Using Class.Occlude to Create Singletons
In my last article I talk about using an instance of Events to allow for loose coupling of functionality to limit dependencies as well as the use of singletons. There was a comment at the bottom of that article that I thought worth sharing and expounding upon:
I’ve been using Class.Occlude and occluding to document.body when I need a singleton. Works like a charm. – Kris Wallsmith
I thought this was a great idea and thought I’d explain what he means for those of you perhaps unfamiliar with Class.Occlude.
What Class.Occlude Does
Class.Occlude allows you to define a class that is tied to a DOM element (as most are) and to prevent that class from creating more than one instance for that DOM element. If you created a class that, say, validated a form, and you wanted to ensure that the user (the JavaScript user – not a site visitor) of your class didn’t attach two instances of that validator to the same form twice, as doing so would result in, say, a state where it was impossible to submit the form, you could use Class.Occlude to ensure that even if two instances of the form validator were created, only one would do anything. Indeed, the second time you tried to instantiate the validator class you would just be returned the first one.
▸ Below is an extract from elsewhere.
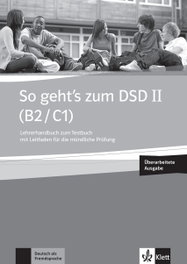 KLETT, So geht's zum DSD II (B2/C1) - VVAA - KLETT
Here’s what it looks like:
var FancyFormValidator = new Class({
Implements: Class.Occlude,
property: 'FancyFormValidator',
initialize: function(form) {
this.element = $(form);
if (this.occlude()) return this.occluded;
//...the rest of your awesome validation logic
}
});
var fancyValidator = new FancyFormValidator($('myform'));
var fancyValidator2 = new FancyFormValidator($('myform'));
//fancyValidator === fancyValidator2
Using Class.Occlude to Create Singletons
So what Kris does (per his comment) when he wants an instance of a class but wants to ensure that there is only ever one instance, he occludes the document body. This means that even if you try and create a new instance of that class, if you’ve already created one, you’ll be returned the existing one.
For example:
var SingleFoo = new Class({
Implements: Class.Occlude,
property: 'SingleFoo',
initialize: function(arg1, arg2, etc) {
this.element = $(document.body);
if (this.occlude()) return this.occluded;
//the rest of your stuff goes here
}
});
var foo1 = new SingleFoo(a1, a2, etc);
var foo2 = new SingleFoo(b1, b2, etc);
//foo1 === foo2
A clever solution, if you ask me.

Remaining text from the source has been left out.